Summarizing all of these findings: (i) we think that for the better-aged samples, the cycles reached after relatively long transients and at amplitudes beyond the stress-peak, meaning that the cyclic driving must have passed through it at least once, are an artifact of the system’s finite size. (ii) Related to this, we also find that as the samples get increasingly better aged, finite-size effects are not necessarily characterized by long transients. A case in point is the response to cyclic shear for the *N* = 32 UA sample. Here, it turns out that a cyclic response after only a few cycles is reached even at strain amplitudes as large as 0.4, which is well beyond the location of the stress peak. Consequently, such cycles are composed of a large number of plastic events, and hence mesostates, meaning that the SCCs confining them must be quite large as well. This finding is consistent with the “giant” SCCs already visible in the transition graph excerpt of the *N* = 32 UA sample, as shown in Fig. 15(b). A better understanding of such finite size effects, particularly in the ultra-stable glasses is clearly desirable and the subject of future work.

## REFERENCES

For the estimate of the exponent, we considered only SCCs with sizes *s*_{SCC} ≥ 4, as in earlier work,^{41} where this choice was justified by the empirical observation that small SCCs containing mesostates that were added to the catalog at the last generations are more likely to increase in size, if the catalog is augmented by going to a higher number of generations.

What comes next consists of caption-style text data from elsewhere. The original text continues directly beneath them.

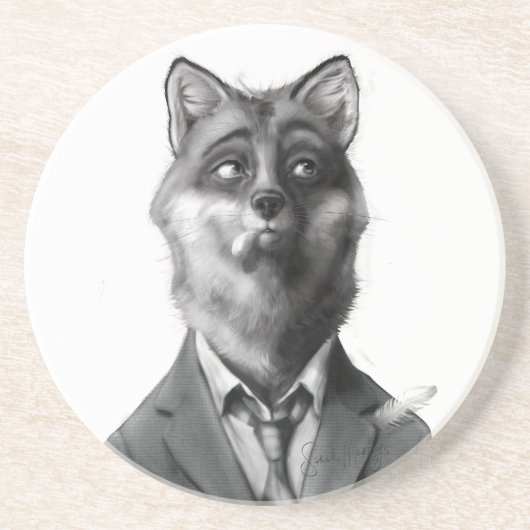 Dessous De Verre En Grès Dessous de verre de boissons de grès de Fox (Devant)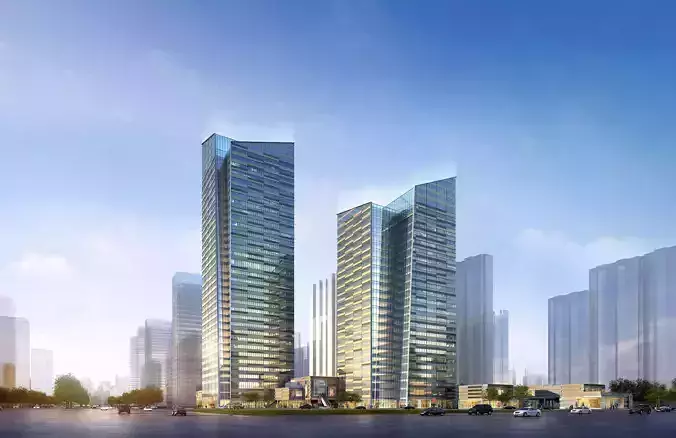 3Dmax fashion city commercial square building 338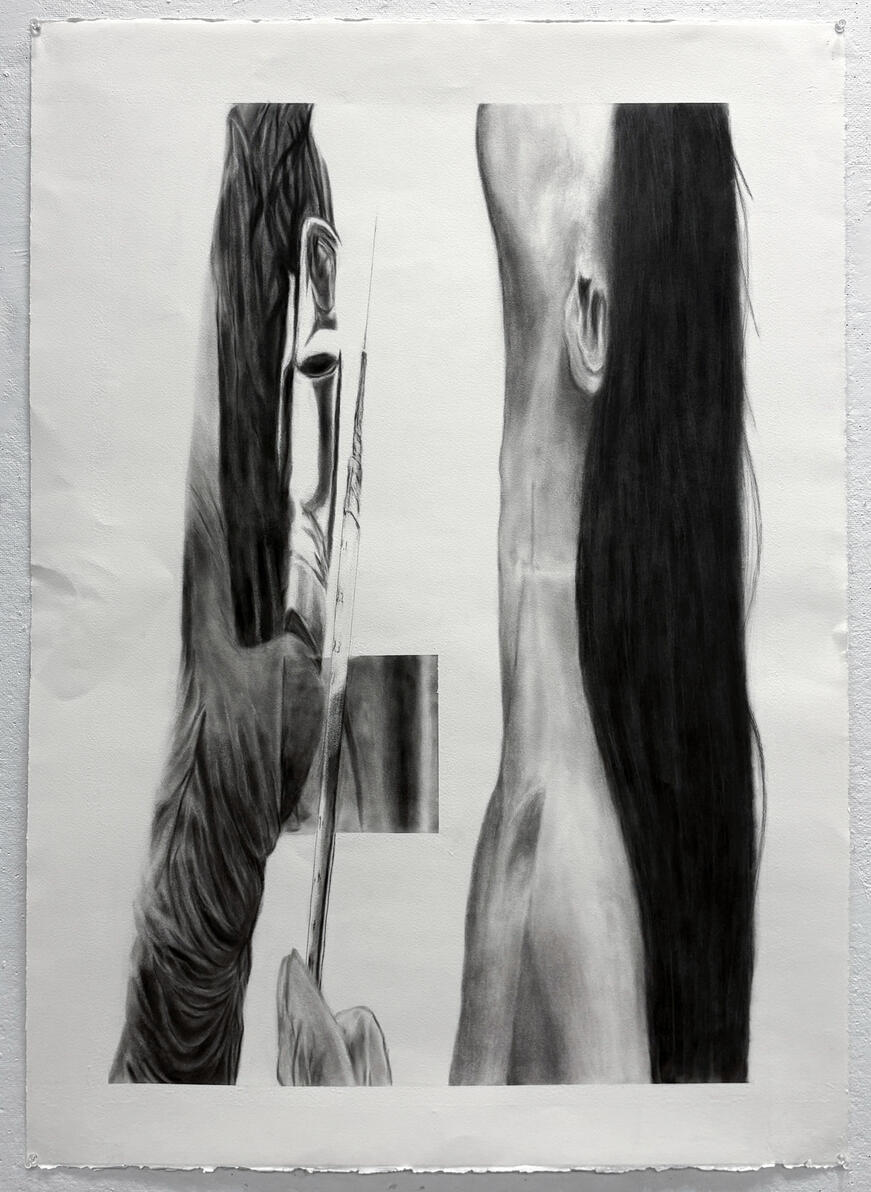 "Judas" brushed charcoal, chalk on bristol 29x42 in (2026)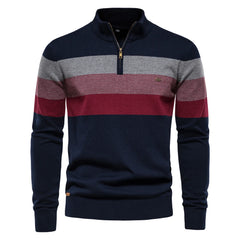 Men’s Patchwork Cotton Pullover | 2026 Winter Fashion Mock-Neck Sweater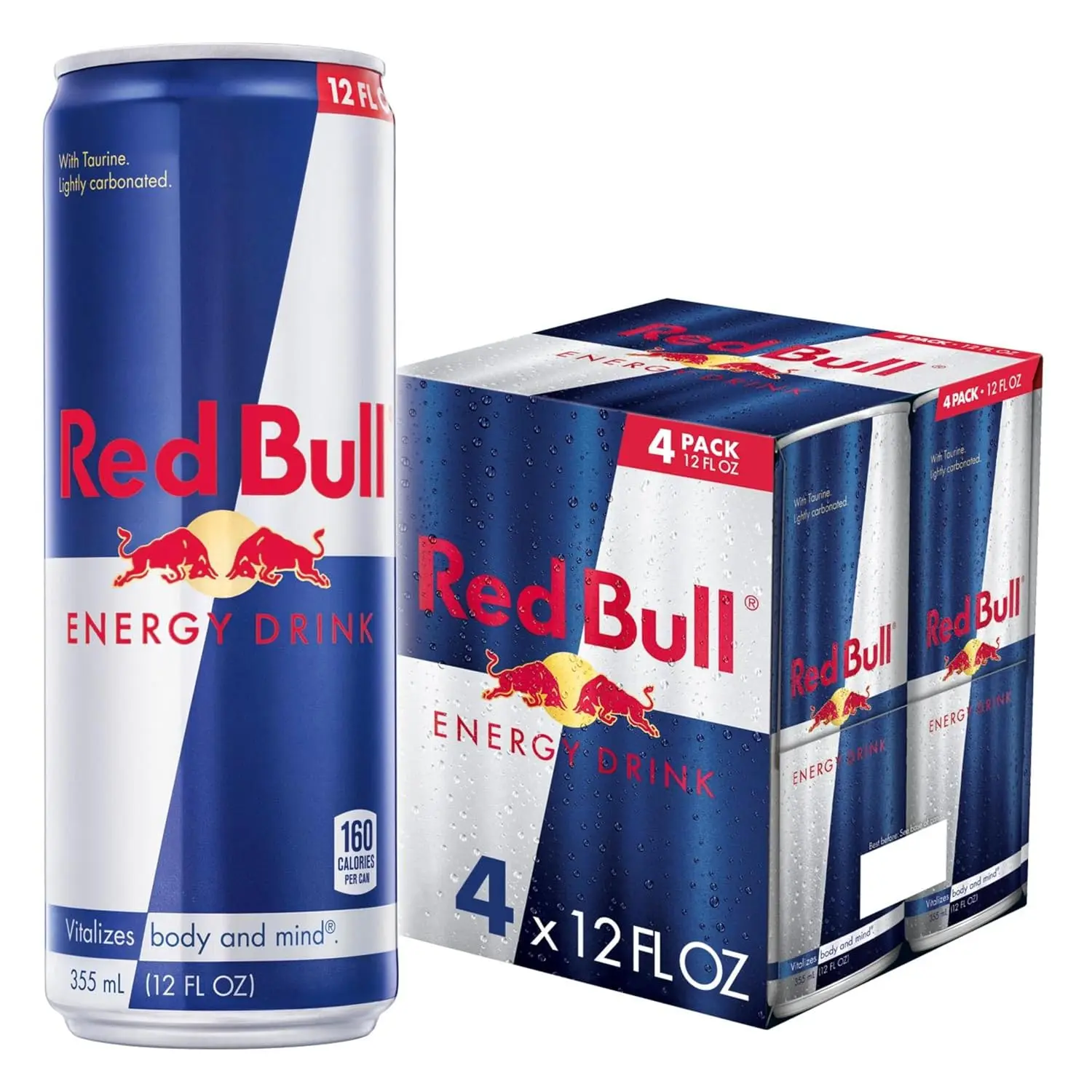 Red Bull Caffeinated Energy Beverage | 12 fl oz, Pack of 4 Cans with Caffeine, Taurine, B-Vitamins, Sugar, and Water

Note the different strain ranges when comparing atomistic and mesoscopic catalogs, panels (a)–(d) of Fig. 11. While the atomistic catalogs sample SCCs whose exit strains well exceed the yield-strain (about 0.13), the mesoscopic catalogs stay well below yielding. This is due to the fact, that the *N* = 32 mesoscopic systems correspond to much larger atomistic systems, then the ones we simulated.

In all four panels of Fig. 11 the green color used in the legend of the SCCs sizes corresponds to the color-coding of vanishing plastic strains.

We will henceforth use the terms cell and site interchangeably.